Total target: ~6:45 to leave a 15-second buffer. Speaking pace: ~150 words/minute → script is ~1,000 words. Read this through once before presenting and rephrase awkward sentences in your own voice.
(Title slide / Section 1 of the report on screen.)
“Formula 1 has been racing since 1950 — that’s 75 seasons and over 26,000 individual race entries. When fans talk about how the sport has evolved, two themes dominate the conversation: who’s been winning, and how safety has improved. But there’s a more fundamental question that gets discussed surprisingly little: do the cars actually finish the races they start?
That question matters, because if the share of cars completing the race has shifted, then the very definition of ‘winning’ has shifted with it. A race where half the field breaks down is a different sport from a race where almost everyone makes it to the flag.”
(Section 2 on screen.)
“So my research question was simple:
Has the share of cars finishing F1 races changed between 1950 and 2024, and if so, what’s driving the change — mechanical failure or driver incidents?
And as a follow-on: if finishing has become more reliable, does qualifying performance now matter more, since fewer races are decided by attrition?”
(Section 3 — code, joins, and methodology.)
“I used the public Ergast Formula 1 dataset — 14 relational CSVs covering every race from 1950 through 2024. I joined the results table to the races and status tables, which gave me one row per car-per-race, tagged with a year and a finish-status text.

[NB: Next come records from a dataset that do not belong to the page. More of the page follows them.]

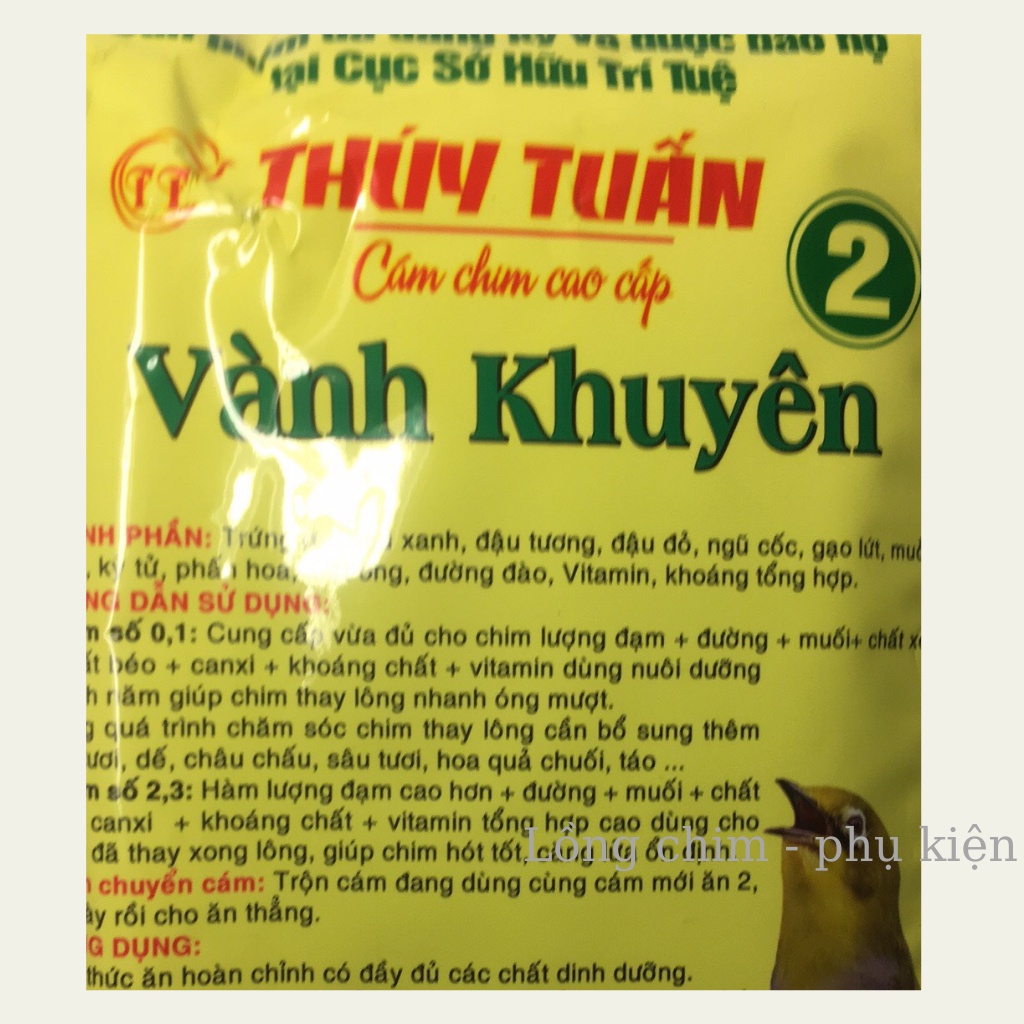 Cám chim khuyên Thúy Tuấn số 2 cao cấp 100gram  - Cám chim Khuyên cao cấp số 1 MIKITA chất lượng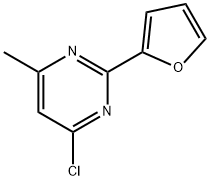 4-Chloro-6-methyl-2-(2-furyl)pyrimidine Struktur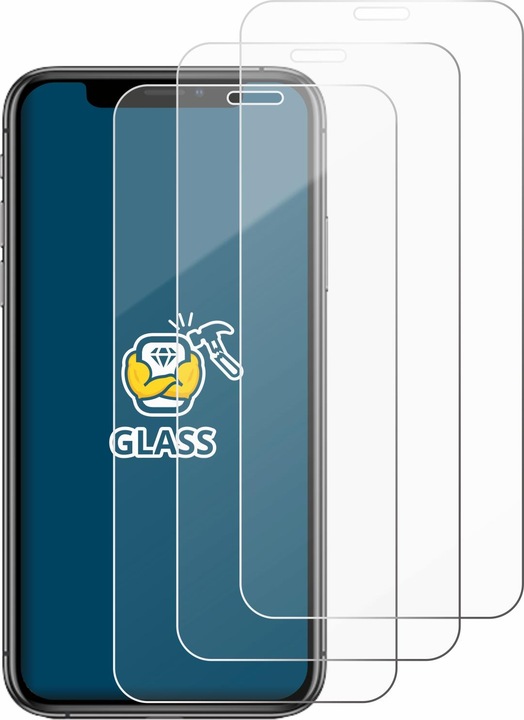 Produktbild BROTECT Panzerglas Hartglas Displayschutz (3 Stück, Apple iPhone XS)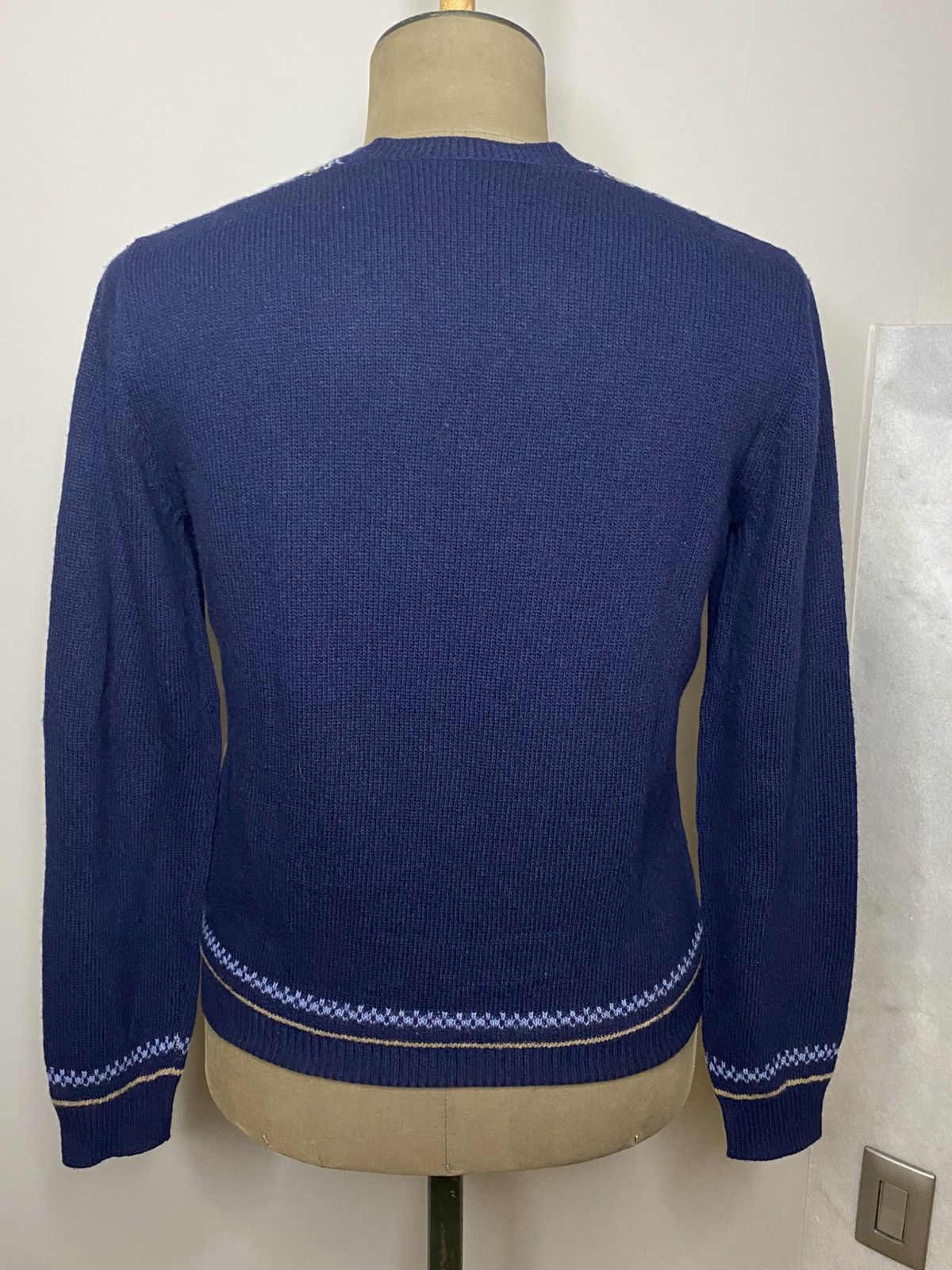 Prada Prada Wool Cashmere Fair Isle Knit Sweater - Size 48 Size US M / EU 48-50 / 2 - 2 Thumbnail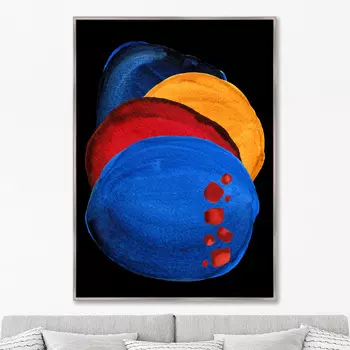 Репродукция картины на холсте forms and colors, composition no34 (картины в квартиру) мультиколор 75x105 см.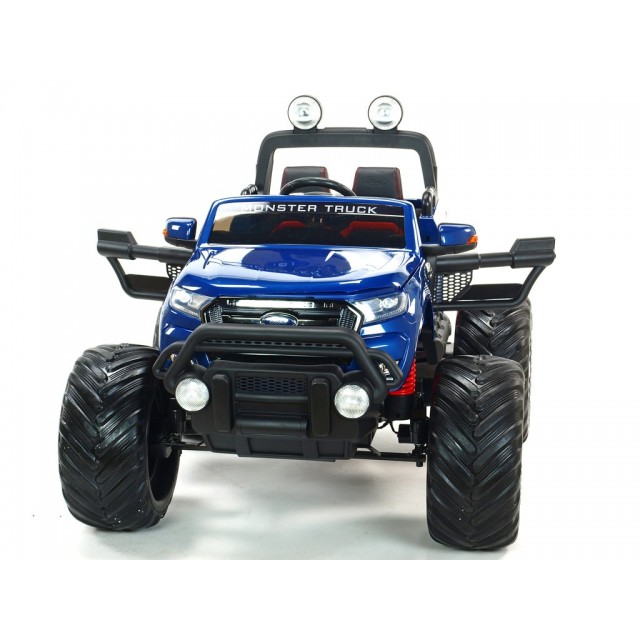 Ford Ranger Monster Truck 4x4, EVA kolesá, 2,4G DO, bluetooth, FM, USB, TF, otváracie dvere a kapota, čierna metalíza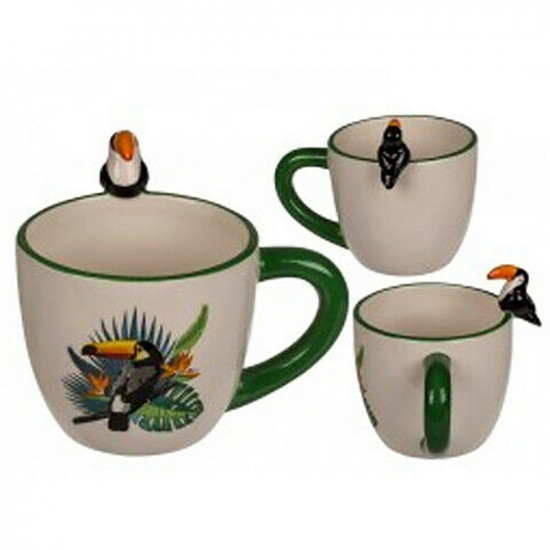 New Ceramic Tucan Mug Coffee Tea Drinks Drinking Kitchen Home Office Xmas Gift image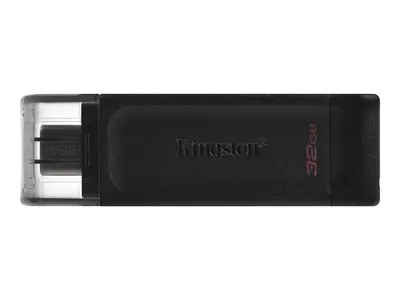 Obrázek produktu pro Kingston Technology DataTraveler 70, 32 GB, USB typu C, 3.2 Gen 1 (3.1 Gen 1), Čepice, 7 g, Černá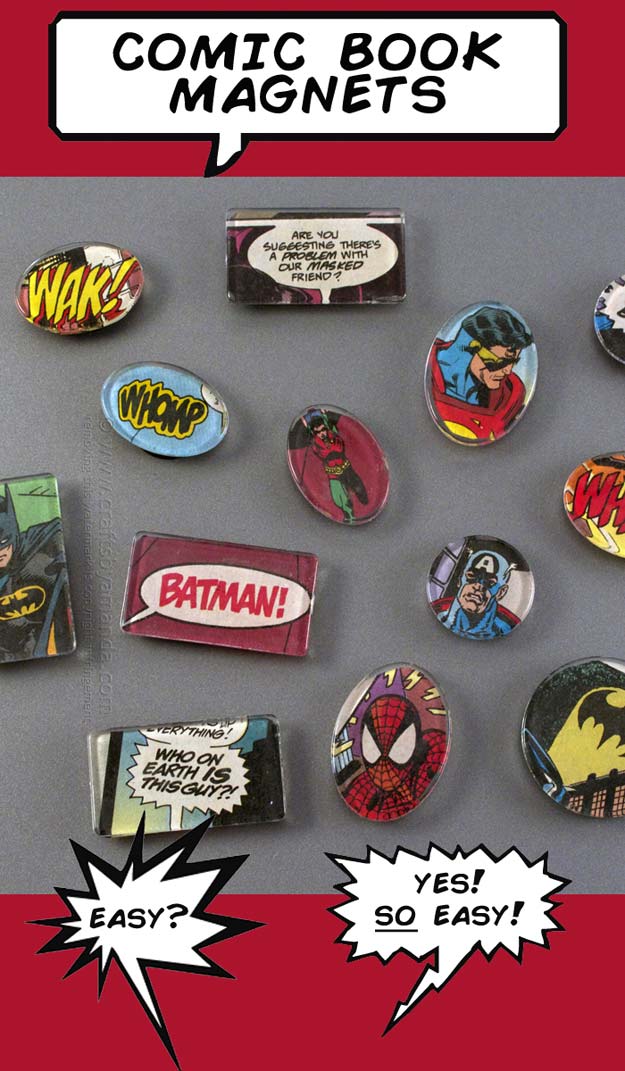 Crafts to Make and Sell - Superhero Comic Book Magnet - Easy Step by Step Tutorials for Fun, Cool and Creative Ways for Teenagers to Make Money Selling Stuff - Room Decor, Accessories, Gifts and More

The trickiest part was that the raw status field has more than 130 distinct labels — everything from ‘Engine’ to ‘Spun off’ to ‘+2 Laps’ to ‘Did not prequalify’. I collapsed those into five categories using regex rules: Finished, Mechanical/Technical, Accident/Collision, DNS or DNQ, and Disqualified. A car classified as ‘+1 Lap’ counts as finished, because the rules consider it a finisher.
I then aggregated into 5-year periods to smooth out the year-to-year noise. The full dataset has 26,759 entries across 1,125 races — large enough that even small effects show up clearly.”
(Section 4 — this is where you spend the most time. Three findings, three charts.)
(Show the stacked area chart.)
“Here’s the headline. The green band is cars that finished the race. In the 1950s it sits around 50% — half the field. It stays around there, even dipping into the high 30s in the 1980s, all the way through to about 1995.
Then watch what happens. From the mid-90s the green band starts climbing sharply, and from 2010 onward it dominates the picture. By the 2020s, around 86% of all entries finish.
So the first finding is: the modern F1 car is dramatically more likely to make it to the chequered flag than its 1980s ancestor.”
(Show the two-line chart: red = mechanical, orange = accidents.)
“Now, you might assume that the gain comes from drivers crashing less — better safety, less aggressive driving, the post-Senna reforms. The data says no.
The red line — mechanical retirements — falls from about 40% of starts in the 50s and 60s to roughly 7% today. That’s an 80% relative decrease.
The orange line — accidents and collisions — has been bouncing around the 6 to 17% range for 75 years with no consistent trend. Drivers aren’t crashing less. Cars are breaking less.
This is the core finding. The transformation of F1 over three-quarters of a century isn’t really a safety story — it’s a manufacturing-and-engineering story.”
(Show the pole-to-win chart.)
“My second question was: does this change ripple into how races are won? Specifically — if reliability used to be the great equalizer, removing it should make pre-race performance more predictive.
I tested this with the simplest possible measure: pole-to-win conversion. What share of pole-sitters actually win the race?
In the 50s and 60s it sat around 37%. By the 2010s and 2020s it’s about 51%. A linear trend through the data gives a positive slope that’s statistically significant at p < 0.005.
So qualifying really has gotten more decisive — and that’s consistent with the reliability story. When the field stops self-eliminating, you can’t inherit a win as easily; you have to start at the front.”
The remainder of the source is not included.